Von den beiden gefiel uns die FTA besser. Erstens sagt uns ihre Theologie ein klein wenig mehr zu, zweitens machte sie den professionelleren Eindruck, drittens ist sie insgesamt günstiger, viertens werde ich dort einen staatlich anerkannten Abschluss erhalten, und fünftens auch noch im ersten Jahrgang sein, auf den das zutrifft. Dazu fängt Tabor Ende August, die FTA aber erst im Oktober an, was uns mehr Raum für unsere Hochzeitspläne gibt. Anschluss an einen Bezugskreis – speziell damit Whitney, die erst einmal zu hause bleiben werden muss, außer mir noch mehr Menschen kennen lernen wird und hat – hoffen wir in einer der zahlreichen Gemeinden in Gießen zu finden. So Gott will, werden Whitney und ich also ab Herbst in Gießen wohnen und studieren.
Die Suche nach einer Universität
Mittwoch, 18. Juni 2008 von alvanx

hey ben…hoi hoi hoi, bei dir gehts ja ab. Tabor ist schon fesch ^^ wie hats dir da gefallen? gottes segen vladi
dumme frage, erst lesen dann schreiben….finds sehr cool dass du dich der theologie widmest…viel segen dafür und für eure hochzeit.
Hey, dankeschoen!
Denke mal nach vor Gott und Seinem Geist.

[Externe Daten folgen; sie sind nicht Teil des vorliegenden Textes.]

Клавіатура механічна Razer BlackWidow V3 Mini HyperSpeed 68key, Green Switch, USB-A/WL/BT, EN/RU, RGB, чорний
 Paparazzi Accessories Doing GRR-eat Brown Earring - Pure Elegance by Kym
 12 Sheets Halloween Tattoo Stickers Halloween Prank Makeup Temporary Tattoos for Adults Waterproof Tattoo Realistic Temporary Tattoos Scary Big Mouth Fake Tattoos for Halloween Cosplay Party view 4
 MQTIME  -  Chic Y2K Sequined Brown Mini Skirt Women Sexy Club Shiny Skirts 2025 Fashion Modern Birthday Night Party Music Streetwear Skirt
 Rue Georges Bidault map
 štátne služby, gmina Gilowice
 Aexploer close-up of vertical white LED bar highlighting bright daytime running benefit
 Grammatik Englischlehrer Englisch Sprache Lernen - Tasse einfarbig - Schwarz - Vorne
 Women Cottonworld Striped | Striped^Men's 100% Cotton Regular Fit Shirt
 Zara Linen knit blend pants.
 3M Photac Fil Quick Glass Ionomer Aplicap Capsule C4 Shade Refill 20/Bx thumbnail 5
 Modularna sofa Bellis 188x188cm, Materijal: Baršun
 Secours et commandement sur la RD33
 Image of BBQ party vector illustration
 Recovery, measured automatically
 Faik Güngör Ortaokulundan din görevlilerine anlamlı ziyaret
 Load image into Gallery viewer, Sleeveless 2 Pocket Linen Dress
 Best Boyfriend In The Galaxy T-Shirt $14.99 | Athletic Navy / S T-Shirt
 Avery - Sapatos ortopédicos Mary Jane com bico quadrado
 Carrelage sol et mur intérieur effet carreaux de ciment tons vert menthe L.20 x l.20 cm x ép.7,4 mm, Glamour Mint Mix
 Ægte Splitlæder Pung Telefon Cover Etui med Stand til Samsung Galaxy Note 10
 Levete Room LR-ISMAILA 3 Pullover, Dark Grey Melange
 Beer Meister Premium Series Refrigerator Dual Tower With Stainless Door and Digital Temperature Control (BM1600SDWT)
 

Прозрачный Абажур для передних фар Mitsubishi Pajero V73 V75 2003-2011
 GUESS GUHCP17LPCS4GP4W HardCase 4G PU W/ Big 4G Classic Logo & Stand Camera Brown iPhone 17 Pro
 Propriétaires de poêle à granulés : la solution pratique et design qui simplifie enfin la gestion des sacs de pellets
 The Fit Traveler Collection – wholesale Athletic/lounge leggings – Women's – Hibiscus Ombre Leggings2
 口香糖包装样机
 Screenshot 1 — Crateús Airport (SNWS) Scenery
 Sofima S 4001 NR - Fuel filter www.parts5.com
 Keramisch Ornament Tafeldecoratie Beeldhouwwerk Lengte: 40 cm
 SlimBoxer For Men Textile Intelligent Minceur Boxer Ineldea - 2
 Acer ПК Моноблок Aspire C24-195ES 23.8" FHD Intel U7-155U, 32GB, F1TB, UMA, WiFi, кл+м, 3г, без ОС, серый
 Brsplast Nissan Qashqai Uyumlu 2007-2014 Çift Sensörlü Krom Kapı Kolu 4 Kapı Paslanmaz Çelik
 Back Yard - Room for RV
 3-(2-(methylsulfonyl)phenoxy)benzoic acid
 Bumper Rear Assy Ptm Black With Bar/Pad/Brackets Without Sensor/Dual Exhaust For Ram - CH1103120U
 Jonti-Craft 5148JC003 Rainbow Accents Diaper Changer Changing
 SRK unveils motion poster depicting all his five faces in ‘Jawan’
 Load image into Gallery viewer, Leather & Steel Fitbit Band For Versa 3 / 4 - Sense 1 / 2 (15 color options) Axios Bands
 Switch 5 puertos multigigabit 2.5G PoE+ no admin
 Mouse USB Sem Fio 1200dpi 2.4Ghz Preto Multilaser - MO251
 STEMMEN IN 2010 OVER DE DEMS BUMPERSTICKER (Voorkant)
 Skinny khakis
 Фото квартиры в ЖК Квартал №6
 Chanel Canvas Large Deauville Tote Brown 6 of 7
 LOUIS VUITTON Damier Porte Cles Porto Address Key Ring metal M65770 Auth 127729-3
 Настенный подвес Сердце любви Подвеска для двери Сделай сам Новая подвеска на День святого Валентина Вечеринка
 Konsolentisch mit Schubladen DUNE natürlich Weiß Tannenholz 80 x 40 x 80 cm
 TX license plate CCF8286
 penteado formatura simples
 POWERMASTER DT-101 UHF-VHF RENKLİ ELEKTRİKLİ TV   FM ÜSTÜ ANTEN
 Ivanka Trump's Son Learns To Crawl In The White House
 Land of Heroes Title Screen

Wllst Du eine Theologe des lebendigen Gottes sein, dann baruchst Du die Offenbarung der Theologie und Gotteslehre des lebendigen Gottes und seinem Christus wie die Wiedergeburt im Geist und Legitimation des lebendigen Gottes,
Willst Du aber ein Theologe der Menschen sein und ein Knecht der Menschen werden,
So mach was Du willst und die Menschen wollen, denen Du dienen sollst, dann ist Gott der Wahrhaftige, nicht mehr Dein Gott und Herr, Erlöser und der, der Dich reinigt und heiligt im Wasserbad des inneren Wort Gottes.
Entscheide Dich für Christus, und lass Deinen inneren Christus, Dein Lehrer sein, denn dass ist Er von Anfang der Menschheit.
Hallo Ben!
Ich habe Deine Ausführungen zur FTA gelesen, an der ich selbst studiert habe. Beachte bitte, dass die Hochschulanerkennung noch nicht durch ist. Ich rechne auch kurzfristig nicht damit. Die Akkreditierung sehen eine ganze Reihe ehemaliger bibeltreuer Studenten und Dozenten der FTA nicht als “Sensation” sondern eher kritisch. Siehe dazu einen aufsachlussreichen Austausch im Forum:
http://www.hauszellengemeinde.de/portal/index.php?topic=991.30
Der “exzellente Ruf” der FTA hat aufgrund der Reaktionen zu den kritischen Stimmen schwer gelitten (siehe neuesten FTA-Freundesbrief). Für weitere Infos oder Fragen stehe ich Dir gerne zur Verfügung!